What you have to do :: Begin at the line that has "(m98) Medaille Vierdaagse", stop after the line that has "Foto tirada no(a)", and print exactly those lines from the records below, without any pictures.

Dataset ::
Content starts

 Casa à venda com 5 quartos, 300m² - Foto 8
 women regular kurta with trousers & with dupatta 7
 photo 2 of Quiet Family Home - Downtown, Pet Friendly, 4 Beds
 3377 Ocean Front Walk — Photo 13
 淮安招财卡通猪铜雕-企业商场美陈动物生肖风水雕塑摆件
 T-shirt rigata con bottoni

Content ends
Content starts

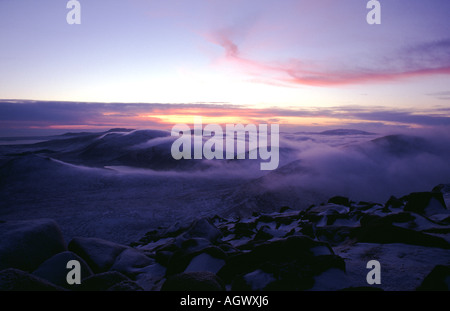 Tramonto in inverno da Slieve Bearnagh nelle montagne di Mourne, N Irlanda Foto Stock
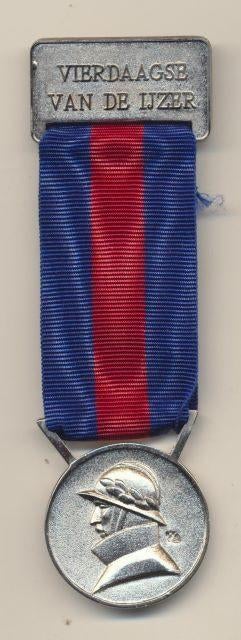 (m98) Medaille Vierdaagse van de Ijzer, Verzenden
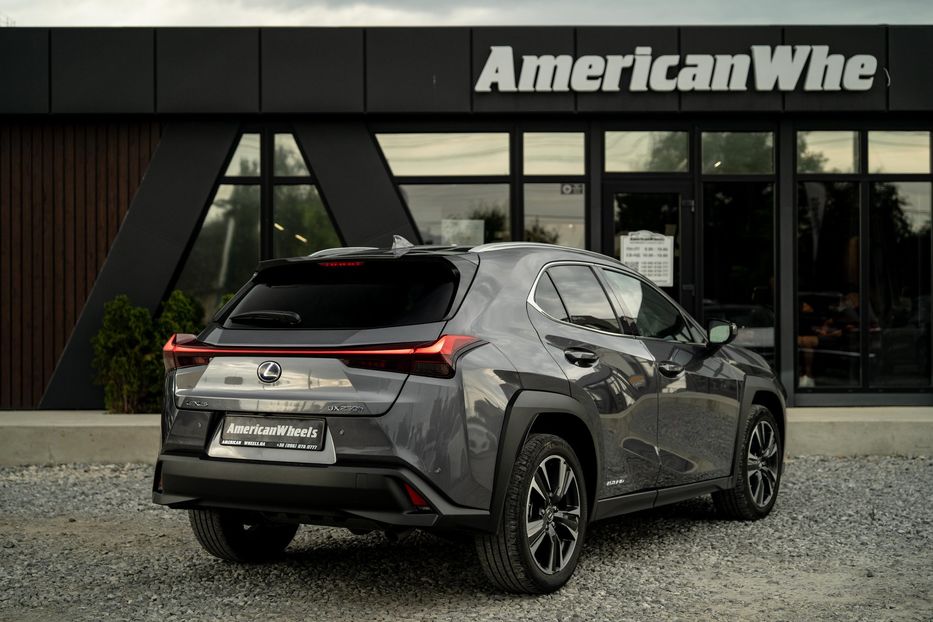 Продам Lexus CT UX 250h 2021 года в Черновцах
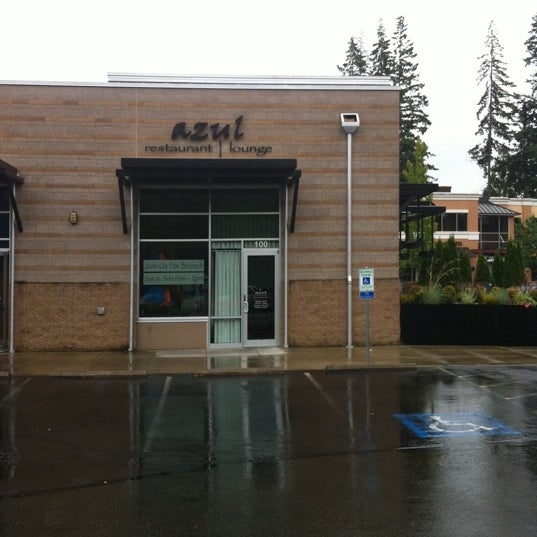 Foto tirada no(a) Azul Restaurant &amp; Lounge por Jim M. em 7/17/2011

Content ends
Content starts

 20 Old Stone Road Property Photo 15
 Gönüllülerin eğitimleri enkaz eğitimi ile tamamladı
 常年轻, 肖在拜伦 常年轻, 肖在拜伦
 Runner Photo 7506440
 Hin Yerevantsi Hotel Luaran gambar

Content ends

Task answer ::
 (m98) Medaille Vierdaagse van de Ijzer, Verzenden
 Продам Lexus CT UX 250h 2021 года в Черновцах
 Foto tirada no(a) Azul Restaurant &amp; Lounge por Jim M. em 7/17/2011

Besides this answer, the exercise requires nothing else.